What Robert Begiebing said of Mailer's rhetoric and style in Miami and the Siege of Chicago, his book-length coverage of the 1968 Democratic convention, could be said of "Red Light". Begiebing states that Mailer "doesn't so much convince readers as sweep them along, beyond agreement/disagreement, in cataracts of prose. Lengthy catalogues of detail, quick-changing sequences of metaphor, startling aperçus, quick and revelatory character sketches, and sonorous rhythms are all on display." J. Michael Lennon echoes Begiebing by observing that Mailer's character sketches of figures like Goldwater and Eisenhower are "acerbic, unforgiving, and hit the mark".

==Publication==
"Red Light" was originally published in the November 1964 issue of Esquire.

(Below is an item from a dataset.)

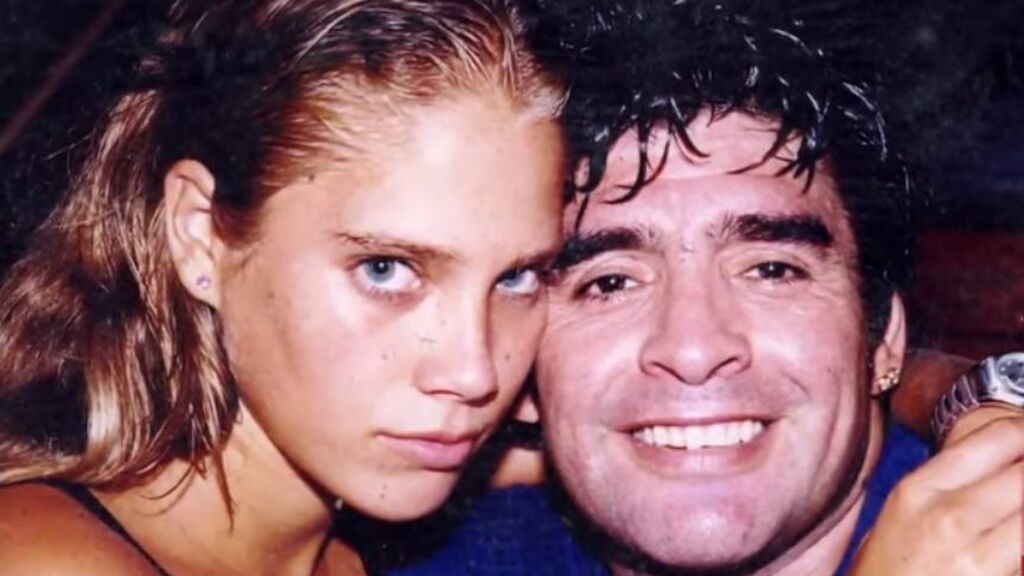 La novia cubana de Maradona confiesa cómo fue su relación.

A partial reprint appeared in The Realist in June of 1965 as "Mailer on LBJ" in the transcript of a speech Mailer gave at the antiwar protest at Berkley on May 21. Mailer reprinted the essay in several later collections: Cannibals and Christians (1967), The Idol and the Octopus: Political Writings by Norman Mailer on the Kennedy and Johnson Administrations (1968), Some Honorable Men: Political Conventions, 1960-1972 (1976), and Norman Mailer: Collected Essays of the 1960s (2018).